● **INFORMATION SHOWN**
--

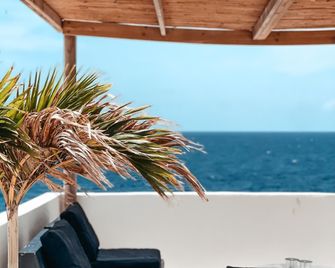 Bijblauw - Willemstad - Balkon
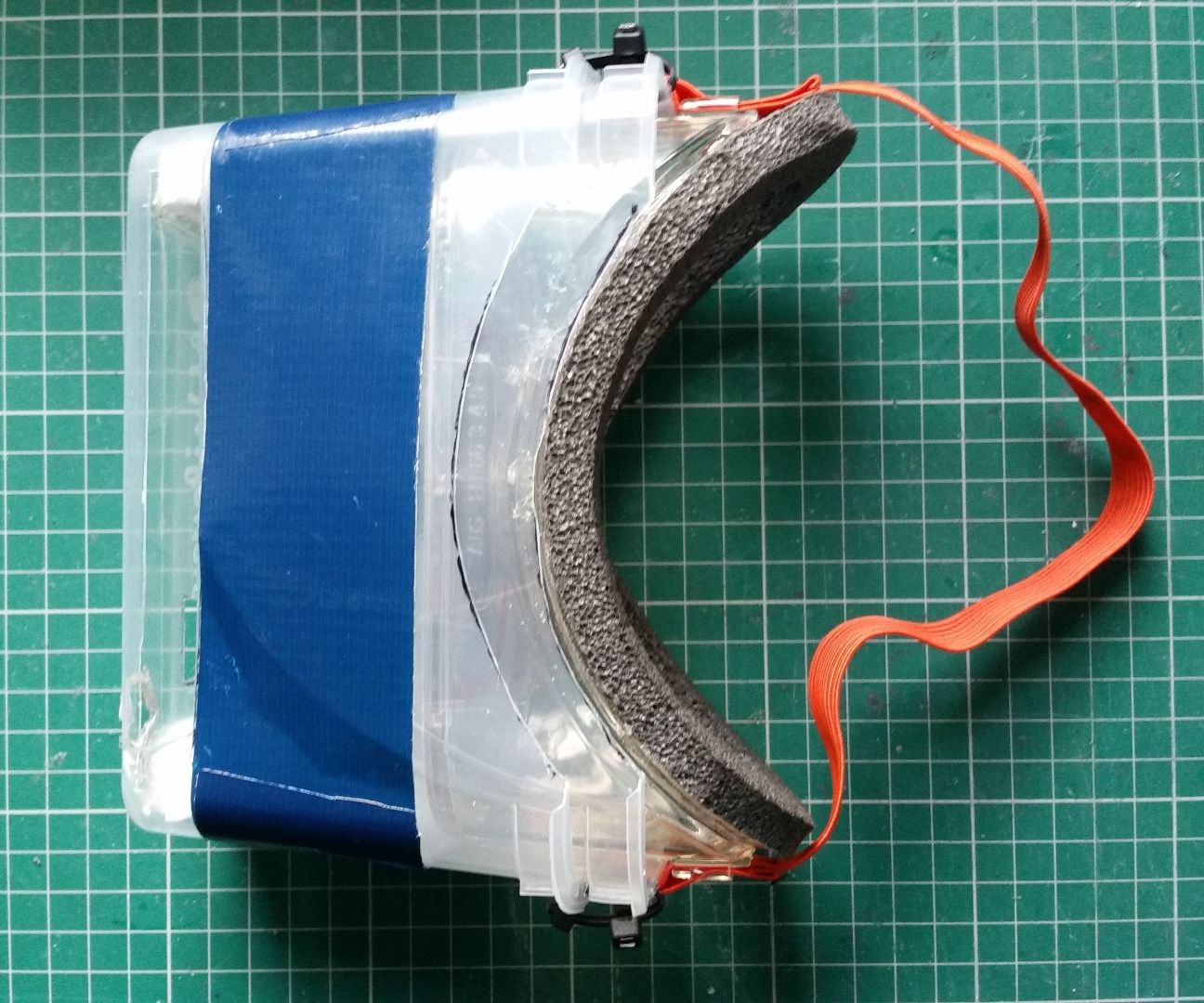 DIY FPV Goggles for IPhone 4/5S or Nokia Lumia (out of 2 boxes of Persil)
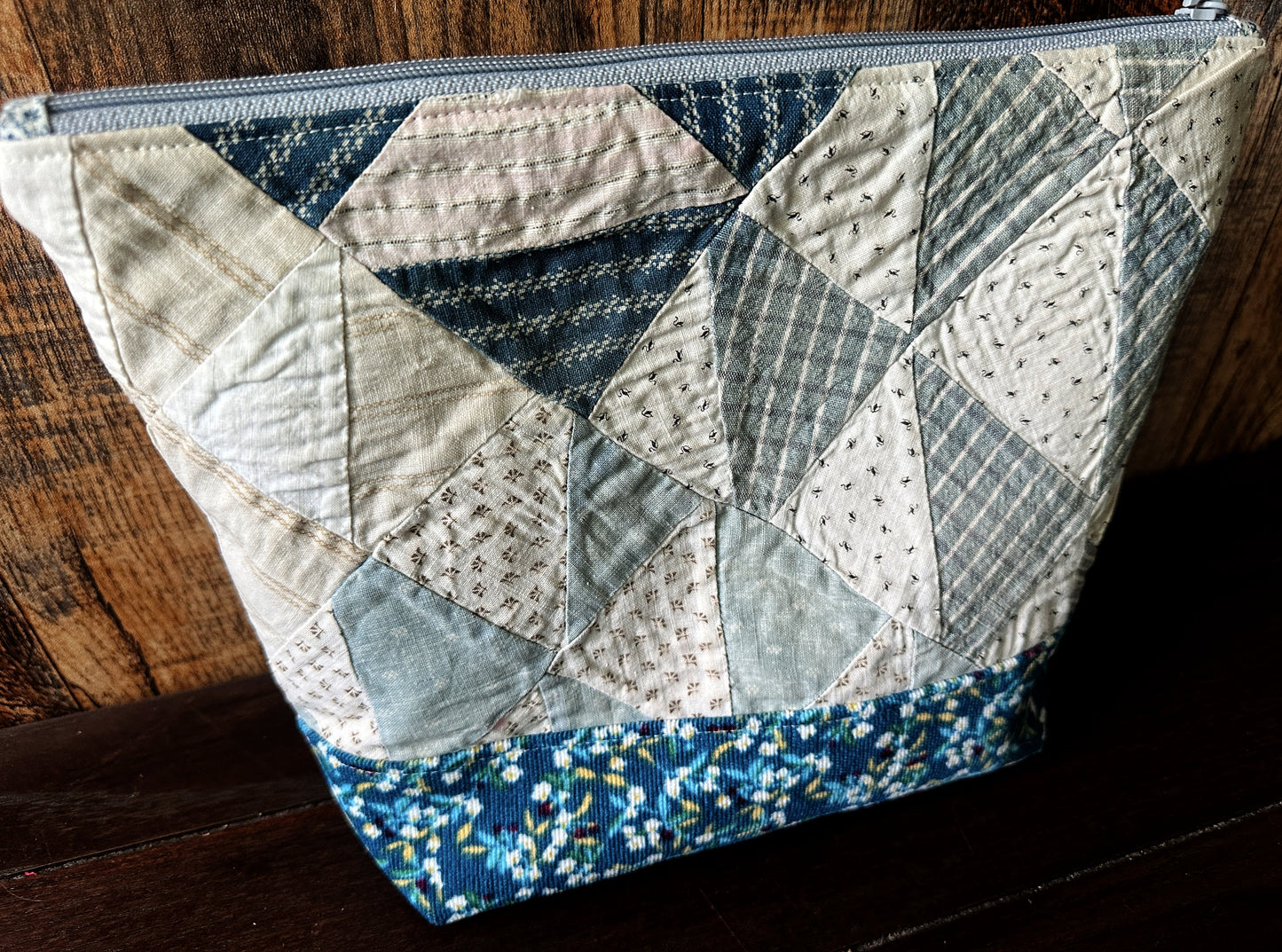 Repurposed Heritage Quilt Medium Project or Cosmetic Zipper Bag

--

● **EXERCISE BRIEF**
Word for word, give again the lines from the line holding "DIY FPV Goggles" through the last line of the material, both included; pictures are not part of the copy.

● **RESPONSE FOR THIS EXERCISE**
 DIY FPV Goggles for IPhone 4/5S or Nokia Lumia (out of 2 boxes of Persil)
 Repurposed Heritage Quilt Medium Project or Cosmetic Zipper Bag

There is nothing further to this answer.